The biggest thing people will (did?) miss is docker-compose. There was a third party `podman-compose` but now it seems that's actually been folded under the official umbrella, along with a `podman compose` command that will "Run compose workloads via an external provider such as docker-compose or podman-compose" so even that gap might be closed up now. Honestly I swapped to just scripting it myself when I swapped to podman - before even the third party podman compose existed, either using sh, .kube files or now systemd units. If you're used to using big 5-10+ container compose files you might have some friction there, might not.

There are differences internally, ex: docker primarily runs as root and has a different networking stack compared to podman, but for most usage on a dev machine it doesn't matter, and matters maybe in a deployment, maybe not.

Unsolicited opinion, I originally found Podman much less intrusive, dockers iptable muckery always rubbed me the wrong way, so it defaulting to userspace and just letting me do any nftable routing I wanted felt much nicer.
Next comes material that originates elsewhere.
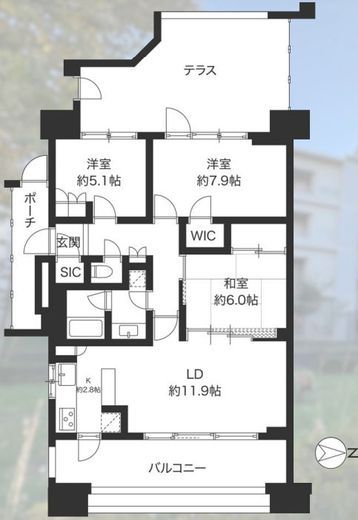 ドレッセあざみ野コリーナコート 3階 間取り図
It also just fees less icky when using it where its default or configuration options were less funnel-you-into-docker.com.

https://github.com/containers/podman-compose

internet2000

8 hours ago

"Hey Claude, can you list the docker containers I have running, find the one using the uv:debian-slim image, and copy main.py from the app folder in it onto my pwd" ← No cheat sheet needed.

lifetimerubyist

8 hours ago

Some people don’t want to spend $30 per month to not learn things.

anagogistis

11 hours ago

I wanted a Docker cheat sheet that's actually nice and accessible from anywhere. So I built one with help from Claude Code and shipped it in ~1 hour. Feedback is welcome.

tomhow

8 hours ago

Thanks for submitting this. We're happy for anything to be submitted that the community finds useful. But “I built one with help from Claude Code and shipped it in ~1 hour” doesn't really clear the bar for a good Show HN. It's not really “something you've made that other people can play with”; it's more of a list of commands, and lists are explicitly outside the scope of Show HNs. For that reason we've removed the “Show HN” prefix.

https://news.ycombinator.com/showhn.html

crtasm

9 hours ago

Did you test all the examples to confirm they work as expected and none of the attributes are obsolete?